Diversification Opportunities for Prudential Jennison and Matthews Pacific
0.22 | Correlation Coefficient |
Modest diversification
The 3 months correlation between Prudential and Matthews is 0.22. Overlapping area represents the amount of risk that can be diversified away by holding Prudential Jennison Mid Cap and Matthews Pacific Tiger in the same portfolio, assuming nothing else is changed. The correlation between historical prices or returns on Matthews Pacific Tiger and Prudential Jennison is a relative statistical measure of the degree to which these equity instruments tend to move together. The correlation coefficient measures the extent to which returns on Prudential Jennison Mid Cap are associated (or correlated) with Matthews Pacific. Values of the correlation coefficient range from -1 to +1, where. The correlation of zero (0) is possible when the price movement of Matthews Pacific Tiger has no effect on the direction of Prudential Jennison i.e., Prudential Jennison and Matthews Pacific go up and down completely randomly.
Pair Corralation between Prudential Jennison and Matthews Pacific
Assuming the 90 days horizon Prudential Jennison Mid Cap is expected to generate 0.97 times more return on investment than Matthews Pacific. However, Prudential Jennison Mid Cap is 1.03 times less risky than Matthews Pacific. It trades about 0.06 of its potential returns per unit of risk. Matthews Pacific Tiger is currently generating about -0.01 per unit of risk. If you would invest 1,898 in Prudential Jennison Mid Cap on September 3, 2024 and sell it today you would earn a total of 647.00 from holding Prudential Jennison Mid Cap or generate 34.09% return on investment over 90 days.

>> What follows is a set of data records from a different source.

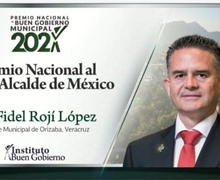 El alcalde Orizaba y anfitrión del próximo congreso UIM es elegido EL mejor alcalde de México año 2021
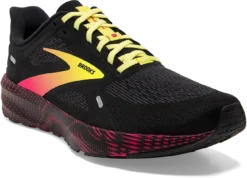 BROOKS Men’s Launch 9 (016 - Black/Pink/Yellow) -BROOKS Shop F94D82BD BC67 4B48 870C 6FF548C41BFB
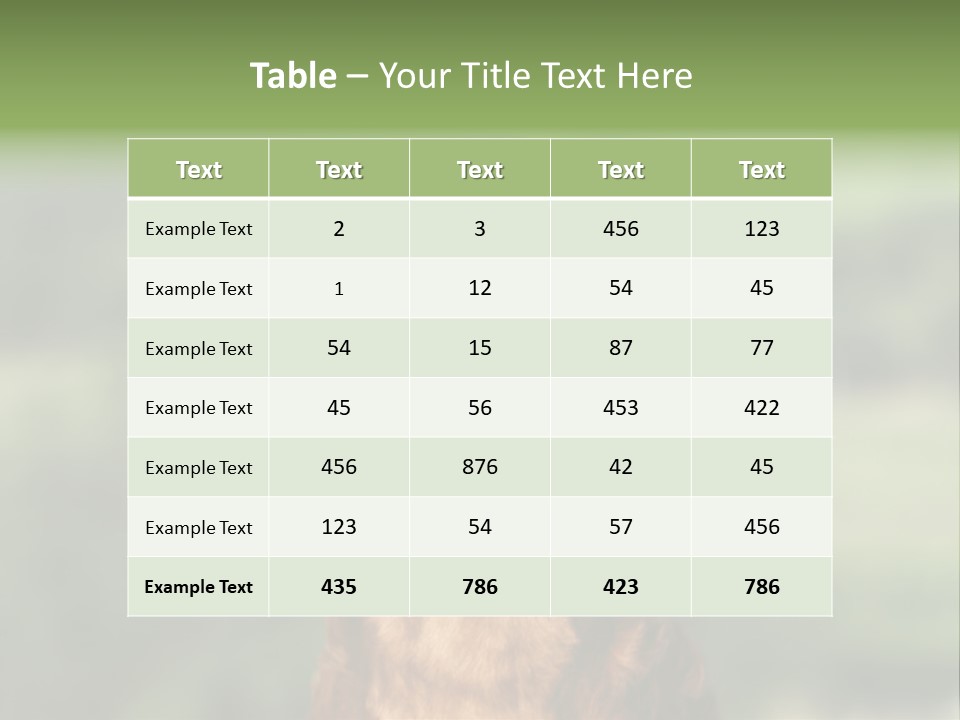 Cute Lick Lip PowerPoint Template
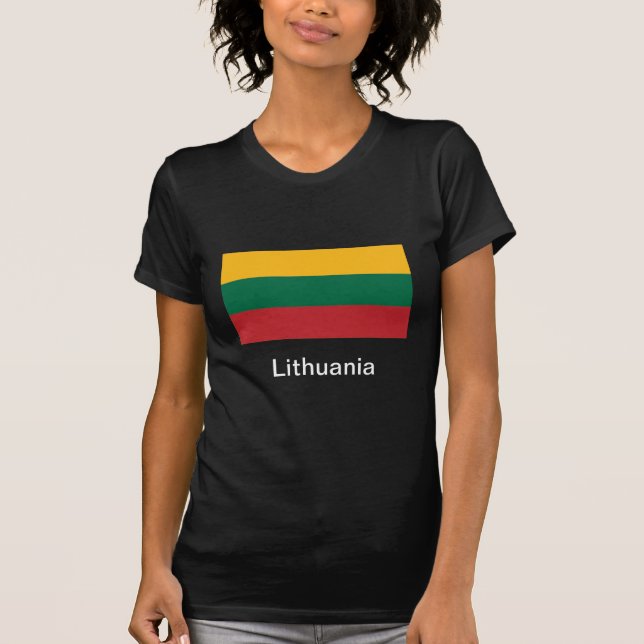 T-shirt Drapeau de la Lithuanie (Devant)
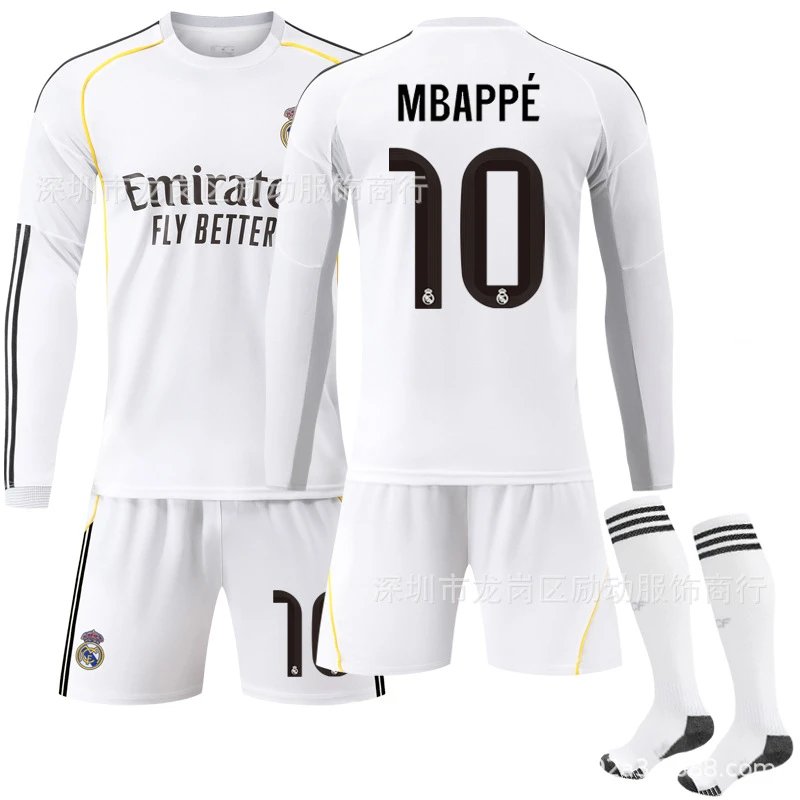 Real Madrid white football jersey in retro sports style - Image 6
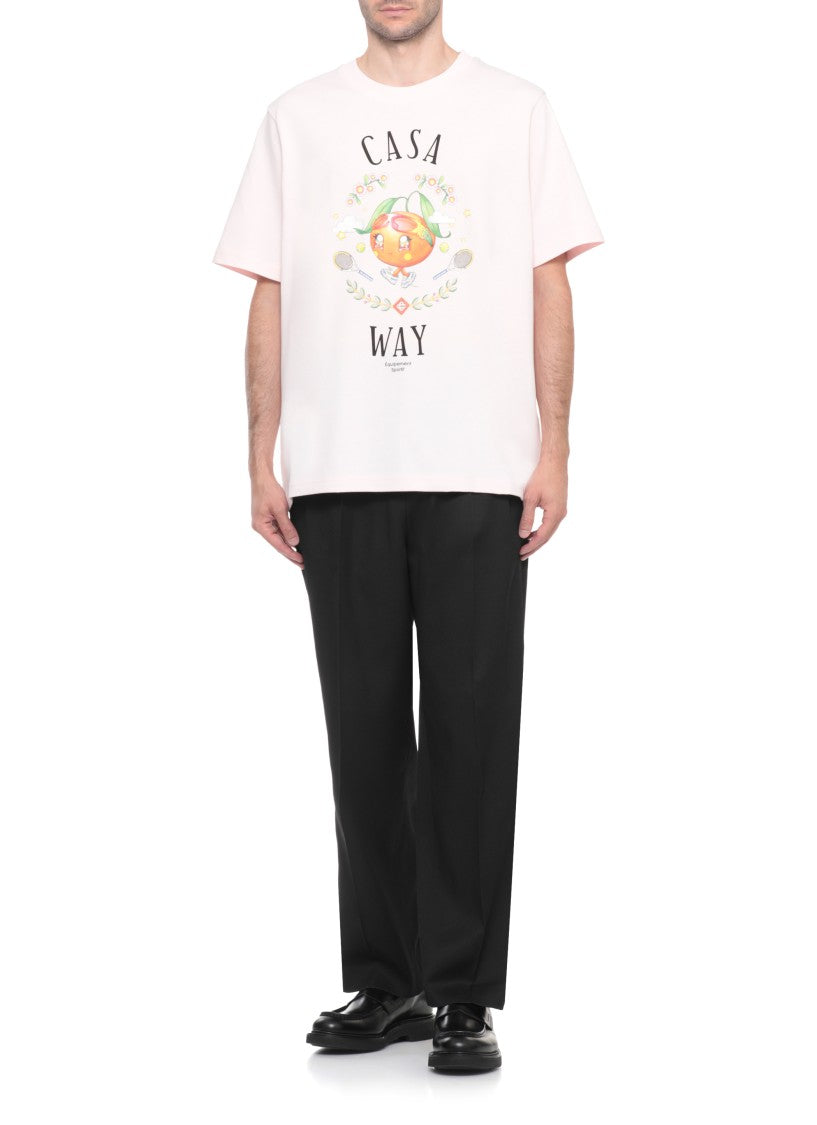 Casablanca Orange Mascot T-Shirt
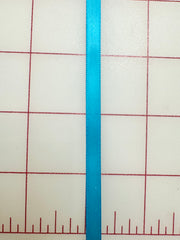 Single Face Satin Ribbon - 1/4-inch Turquoise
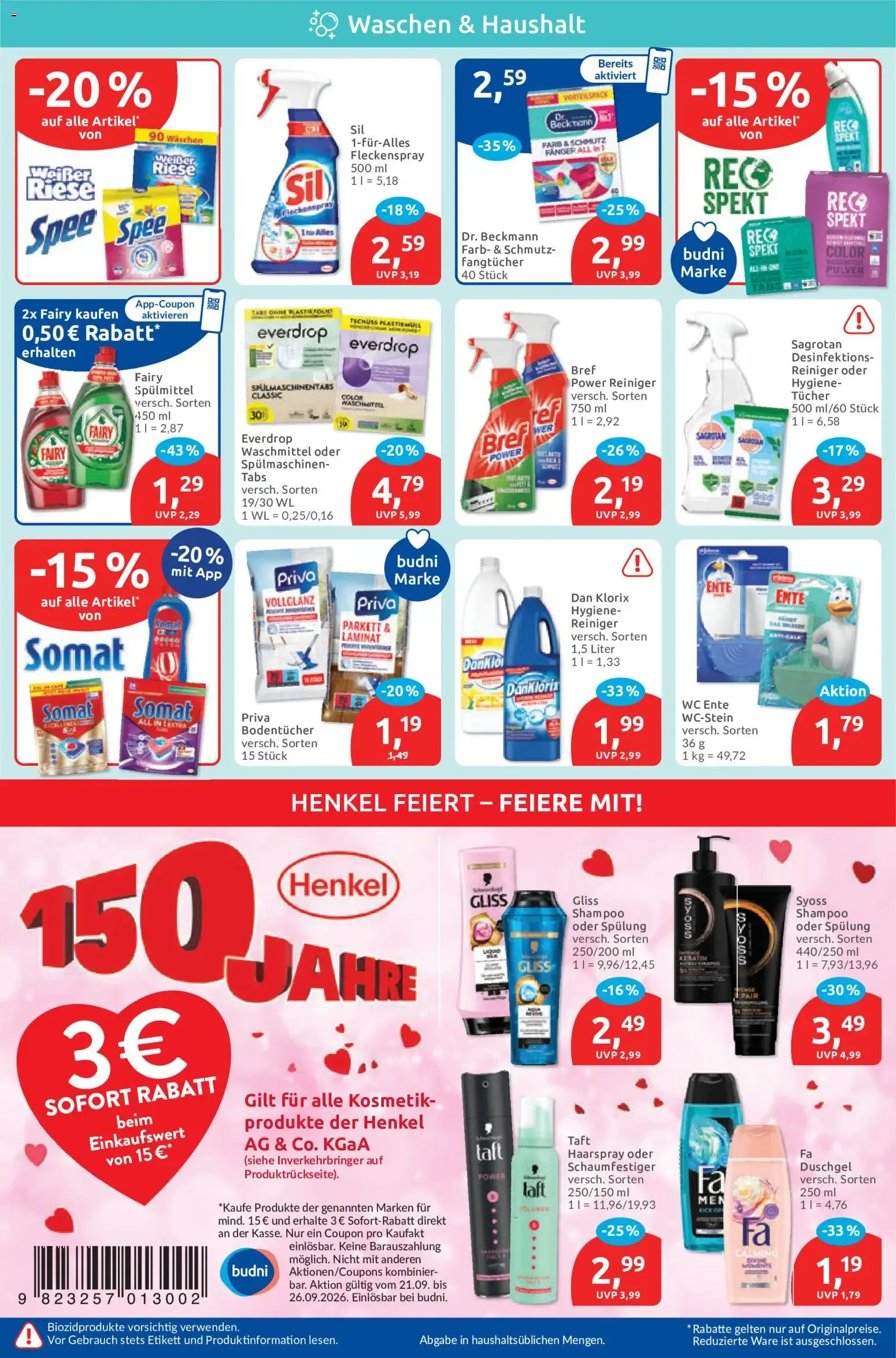 Neue Budni Prospekt (vom 21.09.2026 - 26.09.2026) von 21. September bis 26. September 2026 - Prospekt seite 4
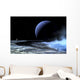 Astronaut Standing Edge Lake Wall Decal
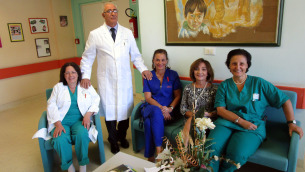 Nella foto, da sinistra: i dottori Orsola Ciriaco, Domenico Perri, Lia Ermio, Annamaria Bruni e  Annamaria De Sensi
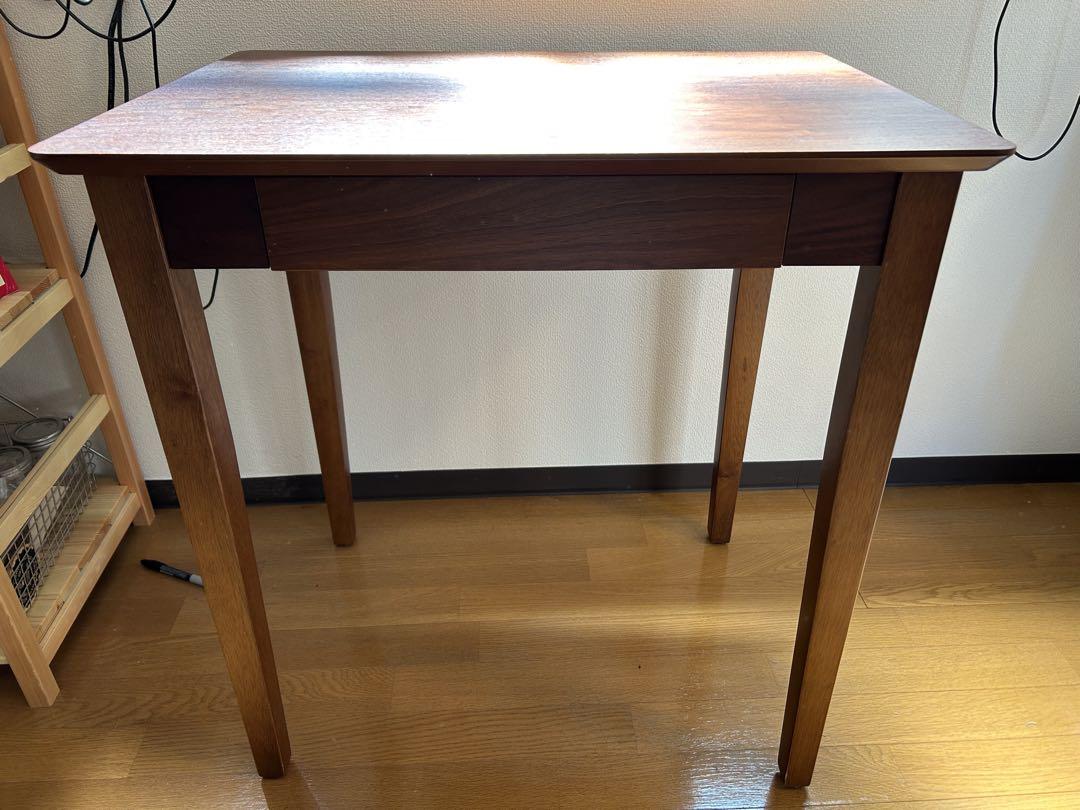ウォールナット　デスク　70cm
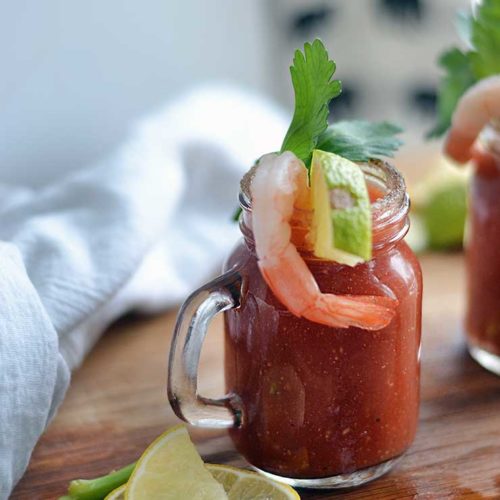 Bloody Mary Mason Jar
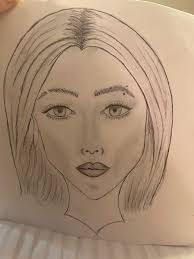 First attempt at drawing a face and hair I definitely need a lot of tips  please 🙂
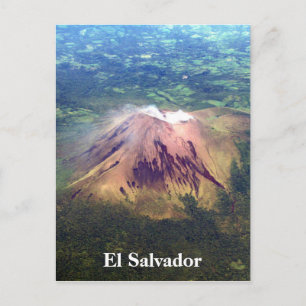 vulcano aerial el salvador briefkaart
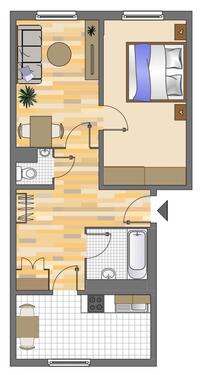 Foto - 2 Zimmer Erdgeschoßwohnung zur Miete in Neuss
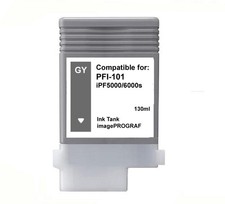 PFI-101 Gray Ink Tank for Canon iPF 5000 6000s 5100 6100 6200 IPF101 GY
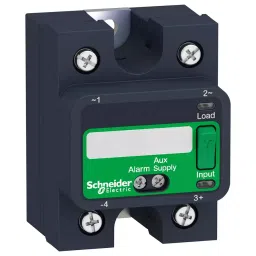 SCHNEIDER ELECTRIC Solid State Relays SOLID STATE RELAY, SPST, 25A, 24-300VAC, SSP1A125BDS-7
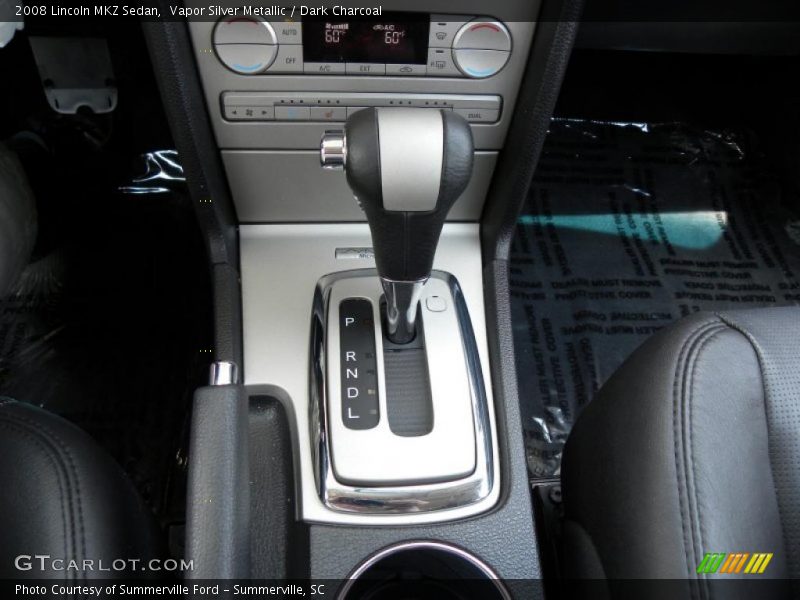 Vapor Silver Metallic / Dark Charcoal 2008 Lincoln MKZ Sedan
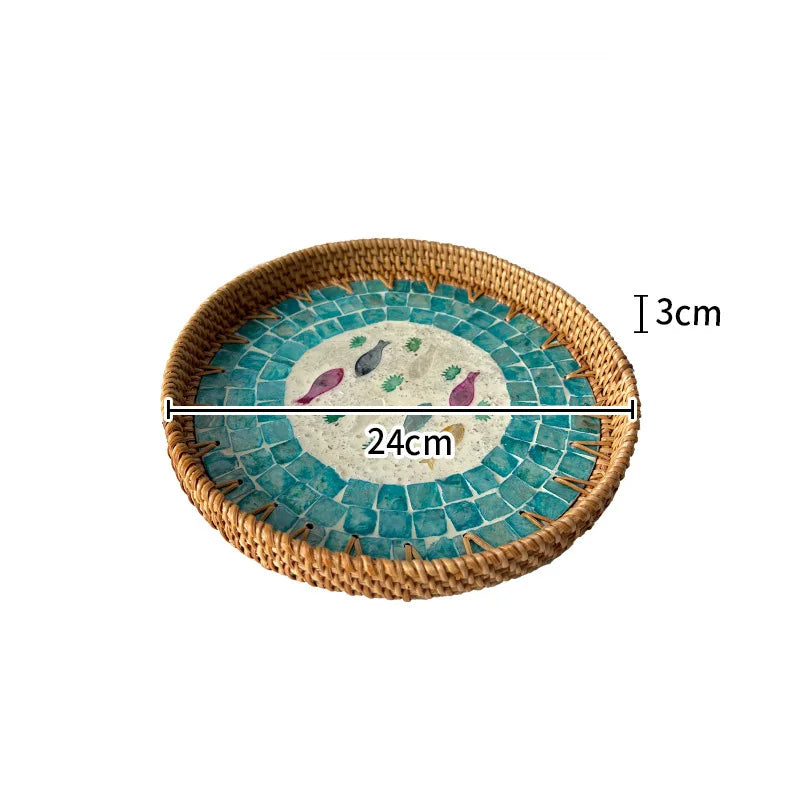 Nordic Natural Shell Bandeja Decorativa, Jóias, Difusor De Perfume, Bandejas De Exposição, Sala De Estar, Sala De Jantar, Armazenamento De Mesa, Casa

Time Period | 3 Months [change] |
Direction | Moves Together |
Strength | Very Weak |
Accuracy | 100.0% |
Values | Daily Returns |
Prudential Jennison Mid Cap vs. Matthews Pacific Tiger
Performance |
Timeline |
Prudential Jennison Mid |
Matthews Pacific Tiger |
Prudential Jennison and Matthews Pacific Volatility Contrast
Predicted Return Density |
Returns |
Pair Trading with Prudential Jennison and Matthews Pacific
The main advantage of trading using opposite Prudential Jennison and Matthews Pacific positions is that it hedges away some unsystematic risk. Because of two separate transactions, even if Prudential Jennison position performs unexpectedly, Matthews Pacific can make up some of the losses. Pair trading also minimizes risk from directional movements in the market. For example, if an entire industry or sector drops because of unexpected headlines, the short position in Matthews Pacific will offset losses from the drop in Matthews Pacific's long position.Prudential Jennison vs. T Rowe Price | Prudential Jennison vs. Versatile Bond Portfolio | Prudential Jennison vs. Ms Global Fixed | Prudential Jennison vs. Ambrus Core Bond |
Matthews Pacific vs. Matthews Asia Dividend | Matthews Pacific vs. Wcm Focused International | Matthews Pacific vs. Invesco Disciplined Equity | Matthews Pacific vs. Matthews Asian Growth |
Check out your portfolio center.Note that this page's information should be used as a complementary analysis to find the right mix of equity instruments to add to your existing portfolios or create a brand new portfolio. You can also try the Portfolio Optimization module to compute new portfolio that will generate highest expected return given your specified tolerance for risk.